Task item
Give the data again exactly, stopping after the "Villa Blanca, W-Lan, Office" line.
━━━ Data extract ━━━
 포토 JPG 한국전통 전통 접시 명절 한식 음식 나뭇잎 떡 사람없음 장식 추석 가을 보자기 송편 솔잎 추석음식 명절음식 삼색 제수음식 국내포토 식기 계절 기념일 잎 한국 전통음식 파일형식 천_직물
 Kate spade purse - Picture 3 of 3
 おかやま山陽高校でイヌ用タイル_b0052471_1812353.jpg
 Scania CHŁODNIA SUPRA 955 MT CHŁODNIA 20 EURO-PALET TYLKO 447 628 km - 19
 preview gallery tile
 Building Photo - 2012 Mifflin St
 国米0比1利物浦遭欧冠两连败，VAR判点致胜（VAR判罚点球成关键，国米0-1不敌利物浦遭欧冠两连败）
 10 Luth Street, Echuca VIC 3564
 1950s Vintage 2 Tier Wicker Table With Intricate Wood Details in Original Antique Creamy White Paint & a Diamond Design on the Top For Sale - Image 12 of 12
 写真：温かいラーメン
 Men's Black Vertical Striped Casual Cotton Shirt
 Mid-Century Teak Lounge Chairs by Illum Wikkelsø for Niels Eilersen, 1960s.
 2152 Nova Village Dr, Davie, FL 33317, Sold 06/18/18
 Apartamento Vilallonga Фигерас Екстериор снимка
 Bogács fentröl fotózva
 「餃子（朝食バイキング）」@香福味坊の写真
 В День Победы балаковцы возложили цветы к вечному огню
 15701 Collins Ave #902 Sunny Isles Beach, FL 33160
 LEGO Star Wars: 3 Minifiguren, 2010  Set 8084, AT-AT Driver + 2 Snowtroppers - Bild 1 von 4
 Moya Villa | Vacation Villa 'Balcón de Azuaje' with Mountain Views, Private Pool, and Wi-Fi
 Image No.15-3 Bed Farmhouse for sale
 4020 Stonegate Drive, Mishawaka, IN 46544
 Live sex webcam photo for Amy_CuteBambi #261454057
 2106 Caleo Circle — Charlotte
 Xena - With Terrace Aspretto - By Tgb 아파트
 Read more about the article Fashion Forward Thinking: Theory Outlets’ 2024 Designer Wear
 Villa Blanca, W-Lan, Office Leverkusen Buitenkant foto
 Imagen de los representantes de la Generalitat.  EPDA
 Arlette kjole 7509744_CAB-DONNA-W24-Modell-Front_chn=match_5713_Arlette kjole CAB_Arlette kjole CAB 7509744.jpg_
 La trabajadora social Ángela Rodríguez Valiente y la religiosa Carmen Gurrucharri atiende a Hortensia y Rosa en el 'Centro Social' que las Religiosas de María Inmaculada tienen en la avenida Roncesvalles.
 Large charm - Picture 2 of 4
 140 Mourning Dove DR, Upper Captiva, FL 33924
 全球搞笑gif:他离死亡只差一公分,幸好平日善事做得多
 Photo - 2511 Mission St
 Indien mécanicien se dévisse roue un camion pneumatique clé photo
━━━
Solution for this problem
 포토 JPG 한국전통 전통 접시 명절 한식 음식 나뭇잎 떡 사람없음 장식 추석 가을 보자기 송편 솔잎 추석음식 명절음식 삼색 제수음식 국내포토 식기 계절 기념일 잎 한국 전통음식 파일형식 천_직물
 Kate spade purse - Picture 3 of 3
 おかやま山陽高校でイヌ用タイル_b0052471_1812353.jpg
 Scania CHŁODNIA SUPRA 955 MT CHŁODNIA 20 EURO-PALET TYLKO 447 628 km - 19
 preview gallery tile
 Building Photo - 2012 Mifflin St
 国米0比1利物浦遭欧冠两连败，VAR判点致胜（VAR判罚点球成关键，国米0-1不敌利物浦遭欧冠两连败）
 10 Luth Street, Echuca VIC 3564
 1950s Vintage 2 Tier Wicker Table With Intricate Wood Details in Original Antique Creamy White Paint & a Diamond Design on the Top For Sale - Image 12 of 12
 写真：温かいラーメン
 Men's Black Vertical Striped Casual Cotton Shirt
 Mid-Century Teak Lounge Chairs by Illum Wikkelsø for Niels Eilersen, 1960s.
 2152 Nova Village Dr, Davie, FL 33317, Sold 06/18/18
 Apartamento Vilallonga Фигерас Екстериор снимка
 Bogács fentröl fotózva
 「餃子（朝食バイキング）」@香福味坊の写真
 В День Победы балаковцы возложили цветы к вечному огню
 15701 Collins Ave #902 Sunny Isles Beach, FL 33160
 LEGO Star Wars: 3 Minifiguren, 2010  Set 8084, AT-AT Driver + 2 Snowtroppers - Bild 1 von 4
 Moya Villa | Vacation Villa 'Balcón de Azuaje' with Mountain Views, Private Pool, and Wi-Fi
 Image No.15-3 Bed Farmhouse for sale
 4020 Stonegate Drive, Mishawaka, IN 46544
 Live sex webcam photo for Amy_CuteBambi #261454057
 2106 Caleo Circle — Charlotte
 Xena - With Terrace Aspretto - By Tgb 아파트
 Read more about the article Fashion Forward Thinking: Theory Outlets’ 2024 Designer Wear
 Villa Blanca, W-Lan, Office Leverkusen Buitenkant foto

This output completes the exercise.